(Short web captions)
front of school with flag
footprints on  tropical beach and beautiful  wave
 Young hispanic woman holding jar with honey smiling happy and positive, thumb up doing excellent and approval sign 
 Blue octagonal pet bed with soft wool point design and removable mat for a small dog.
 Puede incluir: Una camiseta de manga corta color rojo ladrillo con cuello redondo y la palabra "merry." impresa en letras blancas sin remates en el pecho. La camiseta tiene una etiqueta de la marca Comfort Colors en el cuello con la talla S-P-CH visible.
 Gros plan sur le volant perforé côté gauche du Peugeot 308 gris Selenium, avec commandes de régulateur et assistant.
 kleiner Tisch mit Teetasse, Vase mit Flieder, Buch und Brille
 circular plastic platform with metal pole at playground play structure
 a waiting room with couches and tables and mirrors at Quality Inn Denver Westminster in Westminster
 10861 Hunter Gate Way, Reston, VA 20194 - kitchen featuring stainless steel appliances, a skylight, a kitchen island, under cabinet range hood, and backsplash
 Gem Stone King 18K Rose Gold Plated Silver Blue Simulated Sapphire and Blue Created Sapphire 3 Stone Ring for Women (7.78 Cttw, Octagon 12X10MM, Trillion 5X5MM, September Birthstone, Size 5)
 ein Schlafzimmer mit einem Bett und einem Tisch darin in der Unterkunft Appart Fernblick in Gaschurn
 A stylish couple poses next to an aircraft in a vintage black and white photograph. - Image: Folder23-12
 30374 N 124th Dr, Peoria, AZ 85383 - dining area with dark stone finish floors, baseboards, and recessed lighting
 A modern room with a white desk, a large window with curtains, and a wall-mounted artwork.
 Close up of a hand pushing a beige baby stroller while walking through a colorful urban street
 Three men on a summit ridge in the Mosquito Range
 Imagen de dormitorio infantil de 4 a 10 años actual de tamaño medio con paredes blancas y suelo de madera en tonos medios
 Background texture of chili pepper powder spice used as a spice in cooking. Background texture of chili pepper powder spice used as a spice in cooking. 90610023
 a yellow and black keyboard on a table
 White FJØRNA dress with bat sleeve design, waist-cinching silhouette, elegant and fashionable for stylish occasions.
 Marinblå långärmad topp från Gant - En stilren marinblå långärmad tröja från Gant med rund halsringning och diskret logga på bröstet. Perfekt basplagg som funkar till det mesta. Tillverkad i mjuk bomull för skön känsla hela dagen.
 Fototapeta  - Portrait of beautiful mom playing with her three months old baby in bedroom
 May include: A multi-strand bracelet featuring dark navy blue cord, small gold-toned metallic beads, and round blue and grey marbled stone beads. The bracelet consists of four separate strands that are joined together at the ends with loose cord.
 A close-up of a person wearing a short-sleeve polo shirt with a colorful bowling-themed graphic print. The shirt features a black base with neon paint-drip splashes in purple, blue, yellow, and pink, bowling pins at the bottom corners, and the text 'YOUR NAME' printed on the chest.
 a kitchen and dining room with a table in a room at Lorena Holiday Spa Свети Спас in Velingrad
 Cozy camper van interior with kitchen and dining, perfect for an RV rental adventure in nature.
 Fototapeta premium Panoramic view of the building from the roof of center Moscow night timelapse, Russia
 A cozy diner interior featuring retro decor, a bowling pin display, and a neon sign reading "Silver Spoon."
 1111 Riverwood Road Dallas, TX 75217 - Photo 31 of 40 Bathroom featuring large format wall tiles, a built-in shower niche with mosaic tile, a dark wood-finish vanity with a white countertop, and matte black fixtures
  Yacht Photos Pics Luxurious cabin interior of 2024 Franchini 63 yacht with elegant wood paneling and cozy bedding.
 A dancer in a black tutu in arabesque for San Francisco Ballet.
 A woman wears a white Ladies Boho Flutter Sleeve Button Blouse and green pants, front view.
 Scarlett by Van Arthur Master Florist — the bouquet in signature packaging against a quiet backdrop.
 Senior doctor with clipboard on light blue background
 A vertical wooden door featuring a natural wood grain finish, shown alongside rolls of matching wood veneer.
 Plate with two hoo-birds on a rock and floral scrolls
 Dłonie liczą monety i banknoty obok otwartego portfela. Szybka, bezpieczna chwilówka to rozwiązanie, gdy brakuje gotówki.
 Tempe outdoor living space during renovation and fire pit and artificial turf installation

▶ _PROBLEM STATEMENT_:
Give only the lines from the one holding "a waiting room" through the one holding "10861 Hunter Gate", each restated exactly as it appears above.

▶ _OUTPUT OF THE EXERCISE_:
 a waiting room with couches and tables and mirrors at Quality Inn Denver Westminster in Westminster
 10861 Hunter Gate Way, Reston, VA 20194 - kitchen featuring stainless steel appliances, a skylight, a kitchen island, under cabinet range hood, and backsplash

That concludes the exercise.